Yesterday, I kept trying to log in to my HPCC account and I got a message saying “explicit kill or server shutdown”. I thought perhaps there was something wrong with my Windows machine. Let’s face it, there’s always something wrong with Windows. I did all of the usual things – closed the XWin program, restarted the computer. I tried logging on to my account using two other computers and I still could not log on.
I tried using Fetch on my Mac to upload a file. The little Fetch dog kept running and running but nothing happened. No error message, just a continually running little Fetch dog.
Since it wasn’t my computer – I had tried logging on with three computers using three different operating systems – it must be my account. I logged in with another account no problem. Hmmm … definitely my account.
I logged in using PuTTY on my Windows machine thinking perhaps something had gone wrong with the XWin settings. I tried editing a file using Pico and it would not let me save it, saying “Disk quota exceeded”. This really made no sense since the quota for my project directory had been doubled to 200 GB due to another anomaly, a day or so ago. I had tried to copy a file and received a message “disk quota exceeded”.

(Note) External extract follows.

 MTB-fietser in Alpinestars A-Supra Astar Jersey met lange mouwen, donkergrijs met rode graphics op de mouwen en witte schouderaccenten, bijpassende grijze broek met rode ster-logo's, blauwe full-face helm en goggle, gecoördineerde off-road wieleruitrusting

I had looked at the files in my project directory and everything seemed fine. However, I asked the kind folks at HPCC to increase my quota to 200 GB and they did. Still, I did not think I had over 50 GB in my project directory.
Having managed to log in with PuTTY, I searched around my home directory, did an ls and found that I had inadvertently at some point saved a very large file to my project directory instead of my home director by having my home directory in the LIBNAME statement instead of my project directory. This had greatly exceeded my personal disk space quota of 100 MB. So … I moved the file from my home directory to my project directory giving myself gonzo amounts of space again and life was good.
LIBNAME libref “~/somename” ;
saves things to your home directory. I know that. I must have just been in a hurry.
Since I had just enough space in my home directory for the dataset to completely fill it up, my SAS job ran fine without errors and I was locked out of my account and over quota for a day.
LIBNAME libref “/projectdirectory/subdirectory” ;
saves it in your project directory.
Beware the ~ !!!!